28 Copyright and Generative AI
Copyright Eligibility
The U.S. Copyright Office firmly upholds that copyright protection applies only to works resulting from human creativity, aligning with constitutional and statutory interpretations. The term “author” inherently excludes non-humans, supported by key judicial decisions, such as the Supreme Court’s ruling in Burrow-Giles Lithographic Co. v. Sarony. This decision emphasized that copyright protection extends to works representing original intellectual conceptions of human authors. Federal appellate courts similarly affirm that only humans can be authors under the Copyright Act, excluding animals or non-human entities.
The Office’s longstanding registration policies reinforce this principle, consistently requiring human authorship for copyright eligibility. Historical and current editions of the Compendium of Copyright Office Practices stress that works must originate from a human being to qualify for copyright. Works produced by machines or automated processes without human creative input are not registrable. This policy ensures that copyright remains a protection of human intellectual effort and creativity.

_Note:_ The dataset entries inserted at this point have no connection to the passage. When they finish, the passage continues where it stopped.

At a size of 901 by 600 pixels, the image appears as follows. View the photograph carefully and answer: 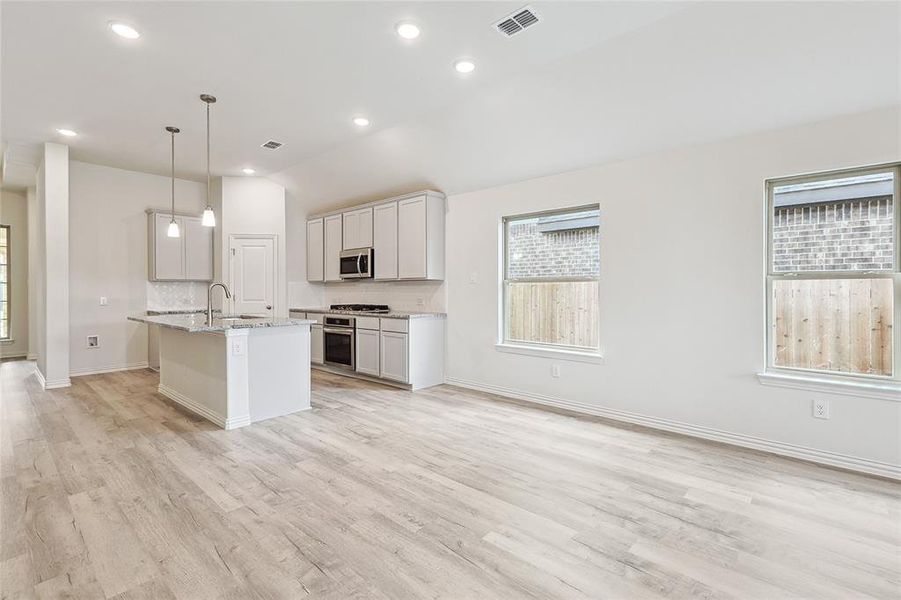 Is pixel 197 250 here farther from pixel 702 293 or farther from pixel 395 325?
pixel 702 293

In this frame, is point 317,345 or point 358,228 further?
point 317,345

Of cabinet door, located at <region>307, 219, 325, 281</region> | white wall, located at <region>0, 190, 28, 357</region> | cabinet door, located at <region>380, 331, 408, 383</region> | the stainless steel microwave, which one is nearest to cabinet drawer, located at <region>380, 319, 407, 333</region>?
cabinet door, located at <region>380, 331, 408, 383</region>

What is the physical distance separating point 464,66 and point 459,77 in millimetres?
183

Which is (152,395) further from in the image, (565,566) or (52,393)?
(565,566)

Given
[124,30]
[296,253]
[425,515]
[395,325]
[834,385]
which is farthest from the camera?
[296,253]

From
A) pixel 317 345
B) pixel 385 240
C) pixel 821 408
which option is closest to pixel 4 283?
pixel 317 345

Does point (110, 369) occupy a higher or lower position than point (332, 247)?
lower

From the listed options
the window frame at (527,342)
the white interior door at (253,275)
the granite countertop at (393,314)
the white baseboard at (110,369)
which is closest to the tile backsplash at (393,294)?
the granite countertop at (393,314)

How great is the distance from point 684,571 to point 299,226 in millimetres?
6772

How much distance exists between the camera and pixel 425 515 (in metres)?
2.34

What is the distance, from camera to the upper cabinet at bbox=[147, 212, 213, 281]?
629cm

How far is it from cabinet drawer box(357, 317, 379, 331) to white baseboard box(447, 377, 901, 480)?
5.60 ft

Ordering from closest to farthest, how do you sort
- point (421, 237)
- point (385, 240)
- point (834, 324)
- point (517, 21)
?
point (517, 21), point (834, 324), point (421, 237), point (385, 240)

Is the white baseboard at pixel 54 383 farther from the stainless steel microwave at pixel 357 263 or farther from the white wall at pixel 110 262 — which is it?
the stainless steel microwave at pixel 357 263
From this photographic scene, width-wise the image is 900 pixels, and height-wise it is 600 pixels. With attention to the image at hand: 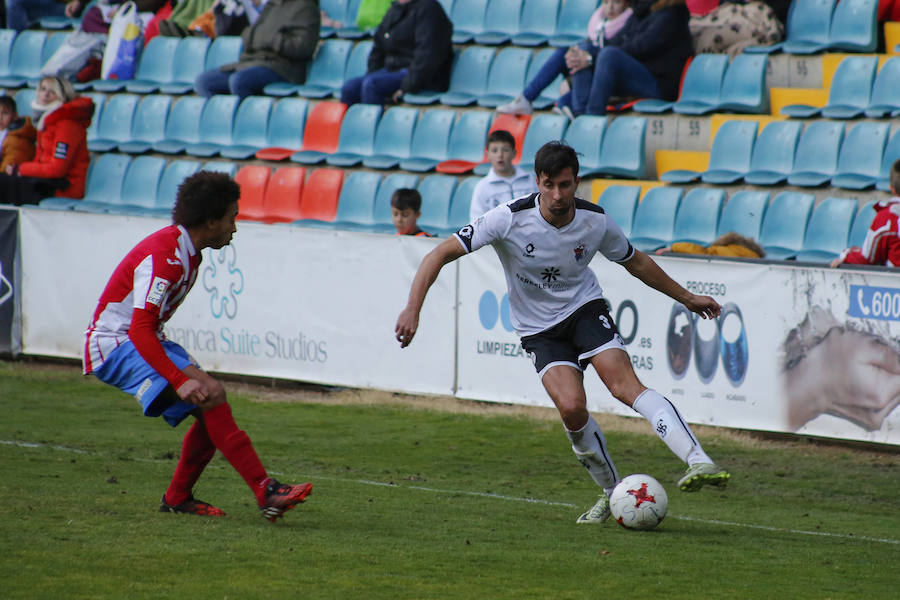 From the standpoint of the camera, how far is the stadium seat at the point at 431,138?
552 inches

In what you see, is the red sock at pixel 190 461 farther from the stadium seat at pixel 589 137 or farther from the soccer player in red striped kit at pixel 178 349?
the stadium seat at pixel 589 137

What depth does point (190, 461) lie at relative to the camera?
6.32 metres

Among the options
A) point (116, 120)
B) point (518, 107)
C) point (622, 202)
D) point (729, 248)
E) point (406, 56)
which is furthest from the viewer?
point (116, 120)

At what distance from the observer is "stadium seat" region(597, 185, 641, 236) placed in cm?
1212

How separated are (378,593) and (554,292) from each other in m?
2.15

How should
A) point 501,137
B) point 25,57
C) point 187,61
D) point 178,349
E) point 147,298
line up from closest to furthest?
point 147,298, point 178,349, point 501,137, point 187,61, point 25,57

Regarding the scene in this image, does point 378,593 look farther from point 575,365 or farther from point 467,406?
point 467,406

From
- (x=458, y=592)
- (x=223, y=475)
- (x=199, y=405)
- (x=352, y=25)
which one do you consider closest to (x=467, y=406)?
(x=223, y=475)

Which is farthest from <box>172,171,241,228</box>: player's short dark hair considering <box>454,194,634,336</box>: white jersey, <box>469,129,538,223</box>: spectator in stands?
<box>469,129,538,223</box>: spectator in stands

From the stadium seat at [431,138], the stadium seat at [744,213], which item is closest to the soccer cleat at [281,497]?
the stadium seat at [744,213]

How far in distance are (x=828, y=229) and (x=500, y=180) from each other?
2.85 meters

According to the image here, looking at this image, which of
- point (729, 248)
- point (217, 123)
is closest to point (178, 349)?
point (729, 248)

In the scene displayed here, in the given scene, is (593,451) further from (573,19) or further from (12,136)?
(12,136)

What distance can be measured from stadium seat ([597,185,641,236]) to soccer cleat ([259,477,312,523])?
668 cm
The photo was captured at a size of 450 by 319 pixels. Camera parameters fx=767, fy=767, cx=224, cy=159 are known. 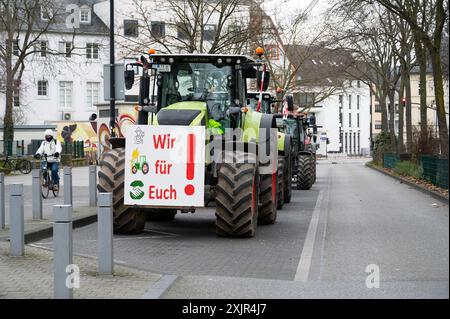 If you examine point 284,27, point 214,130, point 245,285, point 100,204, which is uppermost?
point 284,27

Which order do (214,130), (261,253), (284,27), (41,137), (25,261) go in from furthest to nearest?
(41,137) < (284,27) < (214,130) < (261,253) < (25,261)

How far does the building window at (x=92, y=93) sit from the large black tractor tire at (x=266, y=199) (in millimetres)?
60160

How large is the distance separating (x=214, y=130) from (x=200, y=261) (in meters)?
3.43

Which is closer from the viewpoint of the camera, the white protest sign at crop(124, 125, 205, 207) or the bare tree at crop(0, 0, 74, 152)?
the white protest sign at crop(124, 125, 205, 207)

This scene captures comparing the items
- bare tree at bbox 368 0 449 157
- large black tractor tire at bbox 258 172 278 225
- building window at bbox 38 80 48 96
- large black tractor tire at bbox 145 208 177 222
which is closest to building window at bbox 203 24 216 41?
bare tree at bbox 368 0 449 157

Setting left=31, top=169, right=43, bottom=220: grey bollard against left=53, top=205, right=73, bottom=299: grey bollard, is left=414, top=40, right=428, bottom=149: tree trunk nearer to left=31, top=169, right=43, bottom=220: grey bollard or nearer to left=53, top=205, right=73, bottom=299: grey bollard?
left=31, top=169, right=43, bottom=220: grey bollard

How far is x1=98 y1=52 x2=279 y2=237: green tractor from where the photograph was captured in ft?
39.2

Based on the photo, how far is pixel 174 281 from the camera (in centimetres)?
818

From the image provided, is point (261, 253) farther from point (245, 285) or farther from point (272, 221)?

The U.S. Copyright Office evaluates whether a work with AI-generated material can be registered based on the human involvement in the creative process.
- If AI merely assists in expressing the author’s original mental conception, the work may qualify for copyright protection.
- However, if AI independently generates the creative elements, the work lacks human authorship and cannot be registered.
- For instance, works produced by AI based on human prompts, without human creative control over the final output, are not protected.